BIM31005 - Tax and accountancy: true and fair view, the Companies Act requirement and EC Directives

‘True and fair view’ and company law

The requirement that all financial statements which are prepared for the purpose of compliance with the Companies Acts should give a ‘true and fair view’ was first introduced in the Companies Act 1947, which amended the former phrase ‘true and correct’.

The concept of ‘true and fair view’ was adopted for the whole of the European Community by the EC Council in its Fourth Directive, which laid down the form and content of company accounts. This was implemented in the UK by the Companies Act 1981, subsequently consolidated in the Companies Act 1985. Further changes were made by the Seventh Directive, which was implemented by the Companies Act 1989. The provisions are now in Schedules 4 and 4A to the 1985 Act, with the requirement for ‘true and fair view’ in Section 226 (227 for groups).

Accounting standards and company law

The Companies Act 1989 gave the first UK statutory recognition to the existence of accounting standards. It inserted a new Section 256 in the Companies Act 1985, and a new disclosure requirement in Schedule 4 to that Act. ‘Accounting standards’ are defined as statements of standard accounting practice issued by prescribed bodies; accounting standards applicable to a company’s accounts are those which are relevant to a company’s circumstances and to the accounts.
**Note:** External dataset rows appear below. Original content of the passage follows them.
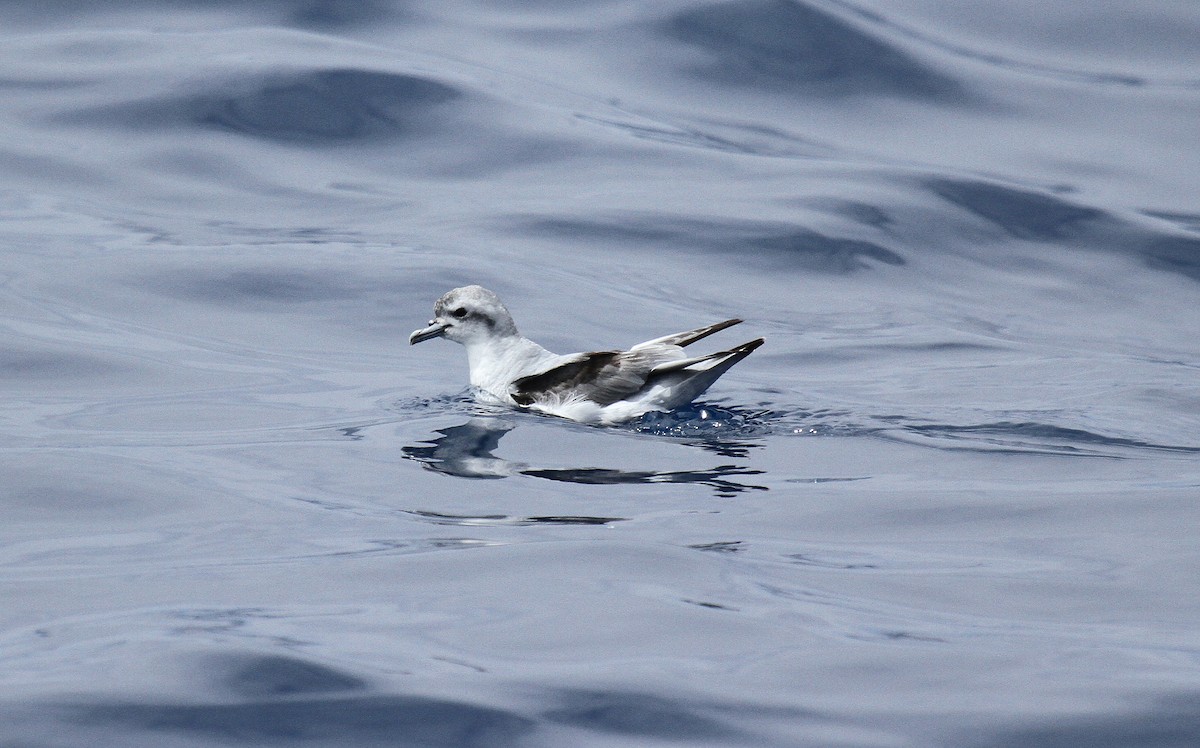 Fairy Prion - ML646670285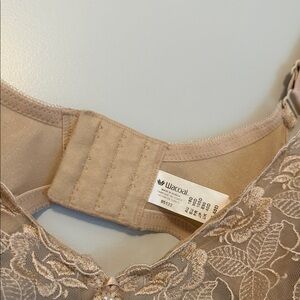 Wacoal Lace Detail Bra in Taupe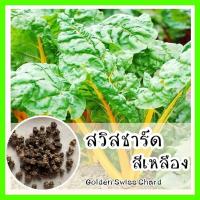 ราคา พร้อมส่ง รหัส 086 เมล็ดพันธุ์แท้ OP แท้ สวิสชาร์ต สีเหลือง Golden Swiss Chard เมล็ดสวิสชาร์ด สวิสชาร์ต สวิสชาร์ด เมล็ดพันธุ์ผัก (7741198167)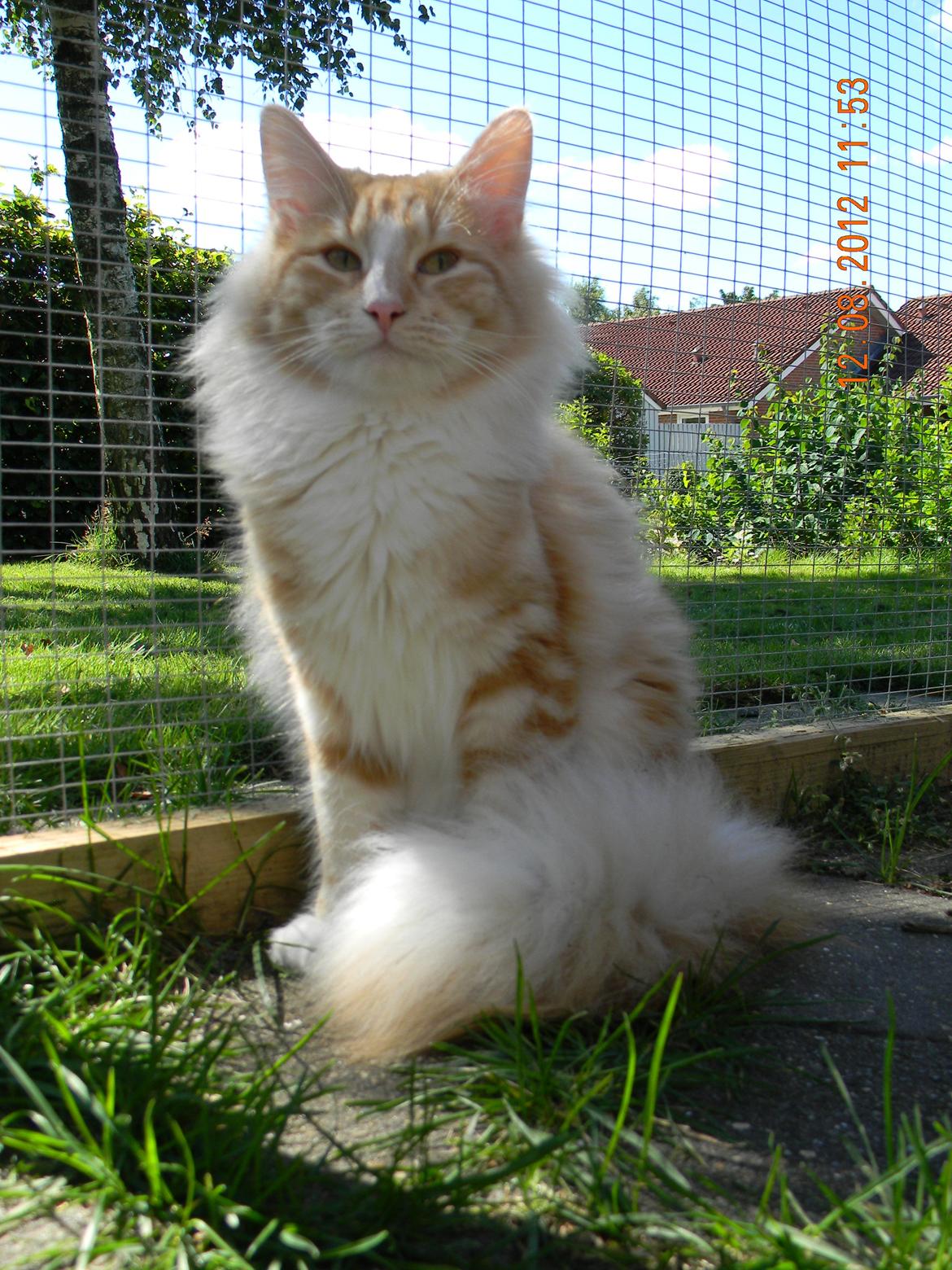 Norsk Skovkat CH Prinz Tjorven of Stellenbosch*D billede 27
Schedule 4, paragraph 36A, requires companies to state by way of note whether the accounts have been prepared in accordance with applicable standards and particulars of and reasons for any material departures. (There is an exception for small and medium sized companies and certain small and medium sized groups).

The Accounting Standards Board is the prescribed standard setting body for the purposes of Section 256.